→ **Exercise goal**
Leave the pictures out and reproduce, exactly, the lines from the one with "Anti-C7orf61 antibody produced in rabbit" through the end of the entries below.

═════ Provided data

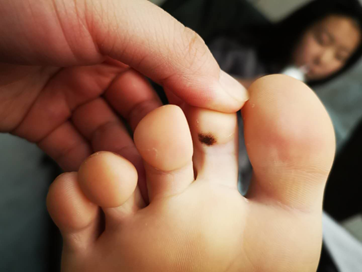 全国网友都在看自己的脚底板！医生：长了这个要人命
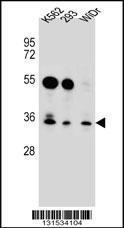 Anti-GLIPR1L2 Rabbit Polyclonal Antibody (APC (Allophycocyanin))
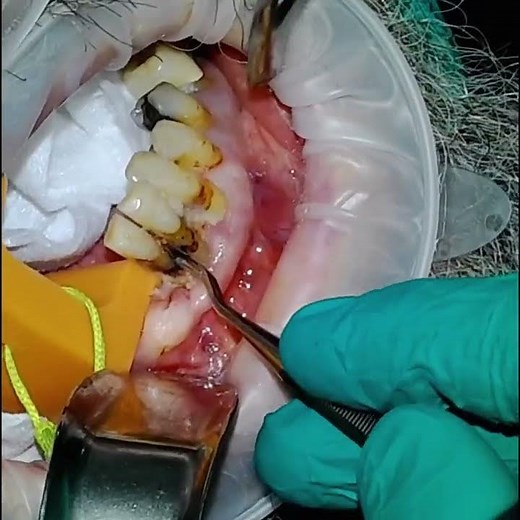 Simple Extractions due to severe periodontal disease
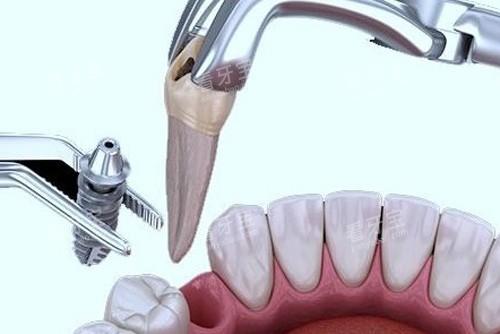 ������װ��ֲ��ʾ��ͼ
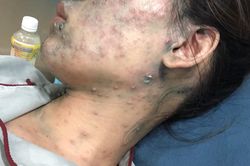 Thai phụ 22 tuần nhập viện cấp cứu do thủy đậu bội nhiễm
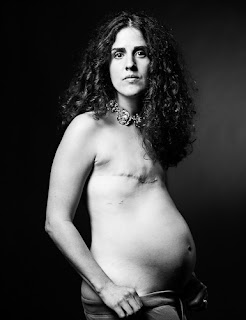 pregnant breast cancer survivor showing scars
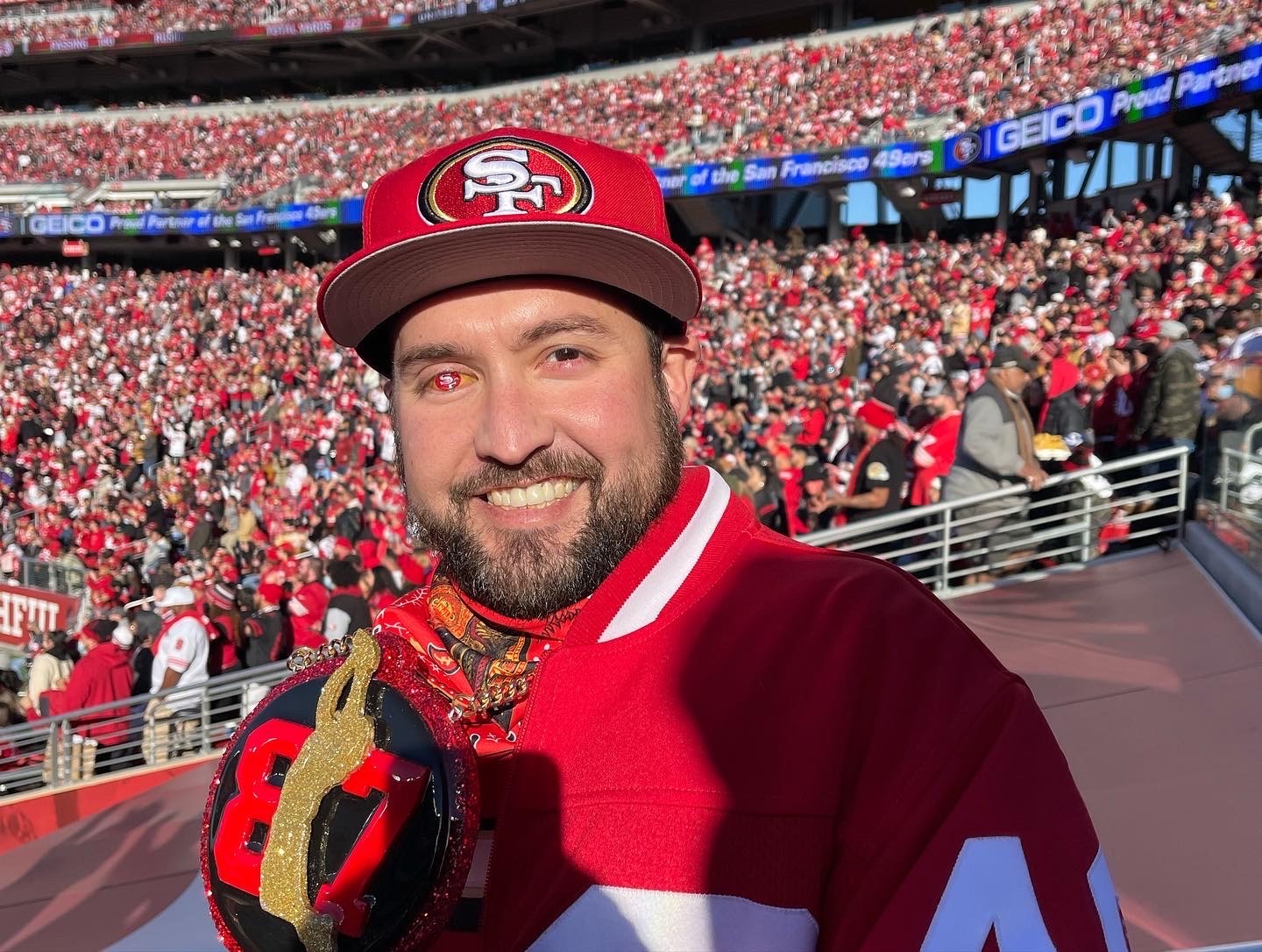 This 49ers superfan has a prosthetic eye with the team logo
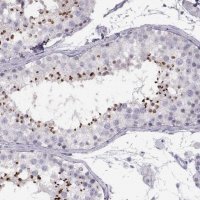Anti-C7orf61 antibody produced in rabbit 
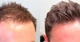 Лосьйон minoxidil 5% KIRKLAND (3 флакона) + мезороллер - зображення 4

══════════

→ **Answer for this exercise**
Anti-C7orf61 antibody produced in rabbit 
 Лосьйон minoxidil 5% KIRKLAND (3 флакона) + мезороллер - зображення 4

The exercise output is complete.